These are not abstract risks. They are the specific failure patterns we see surface again and again when broad farming and agricultural-engineering work meets a fast, soundness-based MDPI screen.
Across our agricultural pre-submission reviews, the editorial triage pattern that surprises authors most is that the Agriculture pre-check is not a novelty filter in the Nature sense. It is a fit-and-rigor filter, and at Agriculture the fit half is heavier than at any of its siblings because the scope is so wide.
The manuscripts that get returned fastest are rarely bad science. They are competent studies whose section angle, design rigor, or data and reporting compliance is not ready for a fast, template-driven screen, and we observe that editors here routinely reject those packages before a reviewer is even invited.
Manuscripts coming through pre-submission review for Agriculture split cleanly along these three lines, and the section below describes what actually happens to each at the desk.
Single-site single-season trials framed as general recommendations
The most common rigor failure we see is a one-location, one-season field, pen, or machine trial whose abstract and conclusions read like a regional or general recommendation.
The data may be clean and the analysis correct, but the conclusions outrun what one site-year can support. A single field, a single soil type, a single herd, or a single climate cannot ground a claim that a practice, ration, or implement "increases yield" or "should be adopted" broadly.
Reviewers across Agriculture's production sections are trained to flag exactly this gap between the scope of the evidence and the scope of the claim. The testable version: read your conclusions and ask whether each recommendation is bounded to the site, season, soil, herd, or machine you actually tested.
If your discussion generalizes a single-environment result, temper the claims to match the design, or add the multi-environment, multi-season, or multi-herd data the recommendation needs. A replicated single-site study is publishable here; a single-site study sold as a universal rule is not.

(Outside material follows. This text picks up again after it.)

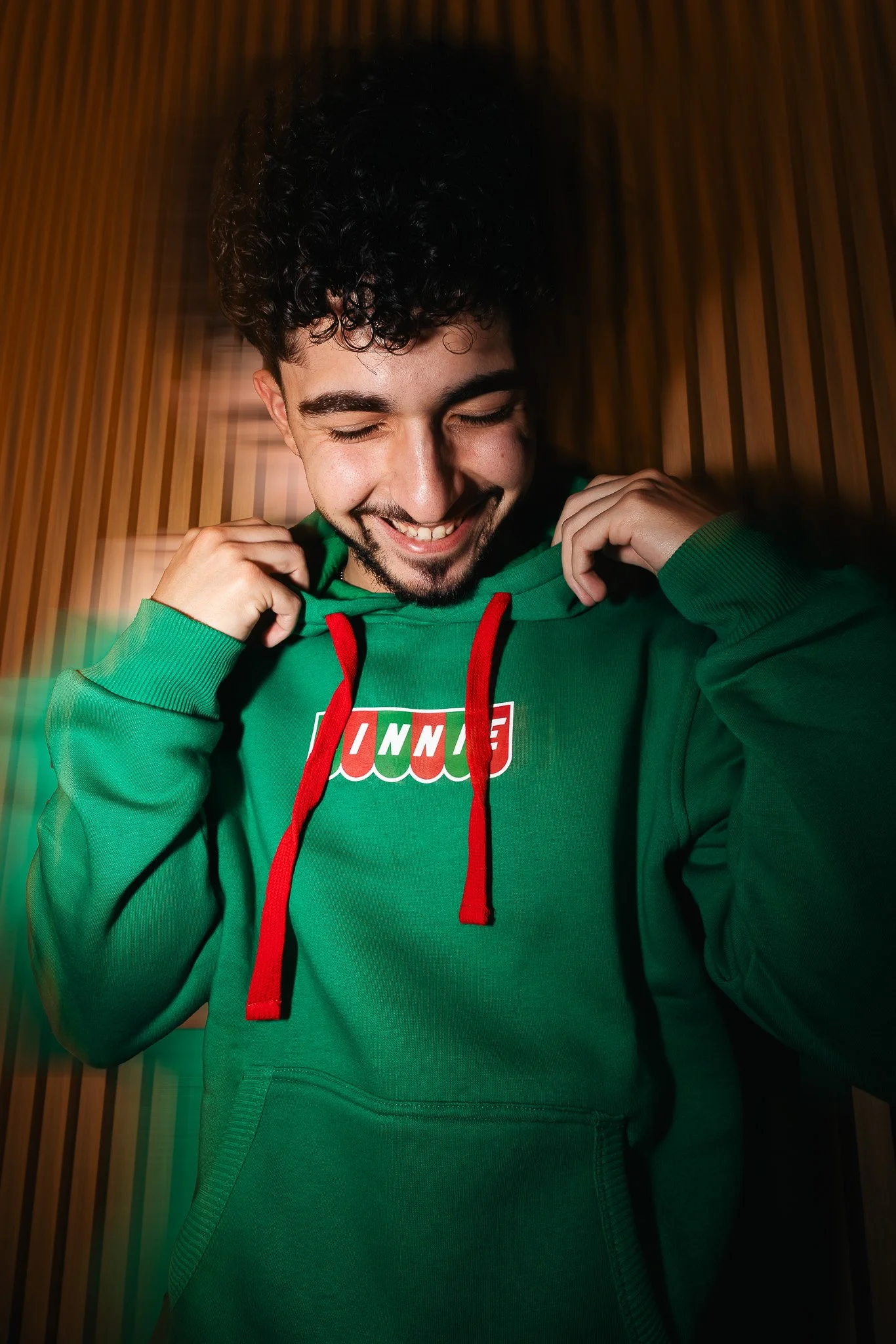 guy wearing a green kinnie hoodie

Check whether your Agriculture claims match the scope of your trial design ->
Descriptive farming studies with no mechanism, no model, or no transferable insight
The second pattern is a study that reports what happened without explaining why or supplying enough method to trust it. Common versions span the journal's breadth: a crop trial with no statistical model named, a livestock study with no mechanism for the difference, a farm survey with no management explanation, or a machinery test with no validation design or comparison baseline.
In agriculture, where the value of a paper hangs on whether another grower, farmer, or engineer can apply the finding, this is the highest-leverage fix before submission.
The testable version: walk your Materials and Methods and confirm the design, replication, and statistical or validation model are all stated explicitly. Then walk your discussion and confirm each main result is tied to either a mechanism or a transferable management or engineering insight. If your discussion restates the results without explaining them, reviewers will ask for the mechanism the manuscript should already supply.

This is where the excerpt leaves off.